Don’t try this at home

Gibson v Douglas & Anor [2016] EWCA Civ 1266

In which the court of appeal almost but not quite consider the notice requirements for licencees excluded from the Protection from Eviction Act 1977

Mr G had been living at Mrs D’s property, which she also occupied since 2008 or 2009. He claimed housing benefit for ‘rent’ for what appears to have been a lodger arrangement. It appears (and it has to be said evidence on much of this is not entirely clear) that something of a relationship grew up between Mr G and Mrs D. In 2012, Mrs D was hospitalised and it became clear she had vascular dementia or Alzheimers.

Mrs D’s son was called to the hospital as next of kin, because Mrs D

was beginning to make disclosures, alleged disclosures I hasten to add, about the way that Mr Gibson had been behaving towards her, including allegations of violence, and she did not want to go back to the property whilst Mr Gibson continued to live there, or at least that is what she is saying at the time.

Mr D and his wife first stayed overnight with Mr G in the property, amicably, then visited his mother the next day, when he heard

that as she was being discharged Mrs Douglas did not want to go back to the property whilst Mr Gibson was there. This represented something of a sea change in his understanding for [Mr] Douglas, and he contacted the police concerned in her case when told about some of the revelations that were emerging.

The police attended the property. Mr D was there and his wife a little distance away.

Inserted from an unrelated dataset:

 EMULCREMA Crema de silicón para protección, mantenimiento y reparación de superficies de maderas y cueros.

When the police attended, and again this is not disputed, Mrs Douglas was a little distance away from the house. There was something of a fracas between the police and Mr Gibson, and, Mr Douglas may have not particularly helped the situation by being there himself and moving into the property immediately, purportedly to assist his mother. As a result of the exchange with the police, Mr. Gibson was forcibly ejected from the property and ended up being taken away from the situation in a police car and thereafter until his relationship resumed with Mrs Douglas was living in other rented accommodation …

Mr G brought a claim against Mrs D and Mr D for unlawful eviction and damages for possessions ‘appropriated or destroyed or in some other way disposed of’. As against Mrs D, the claim was compromised for £5, but pursued against Mr D.

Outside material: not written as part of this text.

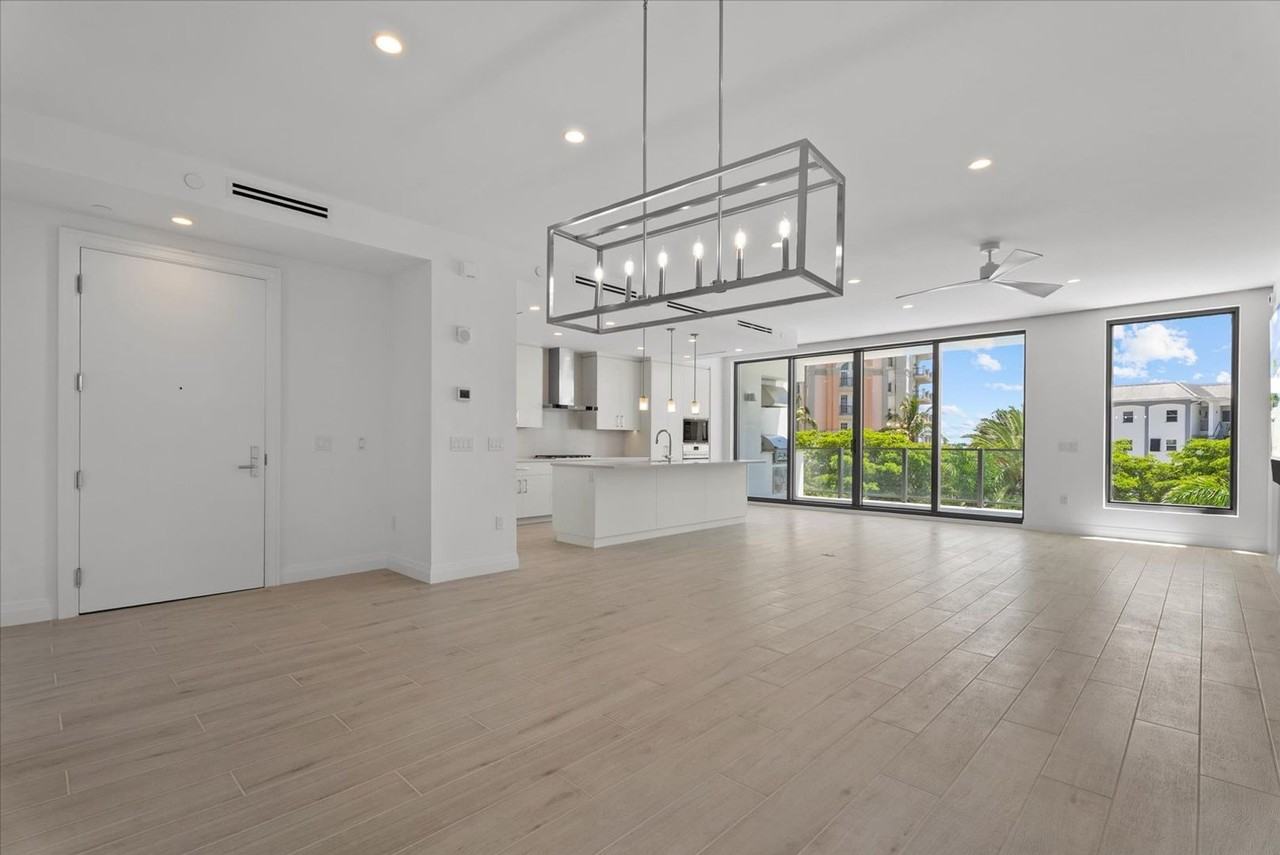 325 Golden Gate Pt - Photo 6 of 50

At first instance, the claim was dismissed for the following reasons:

… this was a particularly close relationship, albeit maybe not one in which they were physically sharing a bed or as close as a husband and wife might be, but it was a sufficiently close relationship to take it well outside the context of even that of a lodger. I have no doubt at all that there was no tenancy created here, no assured short-hold tenancy so far as to bring this within the provisions of the Housing Act, and I go a stage further to say that even without hearing evidence from Mr Douglas, on the claimant’s account the irresistible conclusion is that Mr Gibson was an excluded licensee, and when he was faced with a situation where Mrs Douglas was communicating through authorities, bearing in mind that she then had difficult capacity problems, that she wanted him out of the property, his right to stay there was extremely limited and those who acted upon that particular wish acted entirely properly.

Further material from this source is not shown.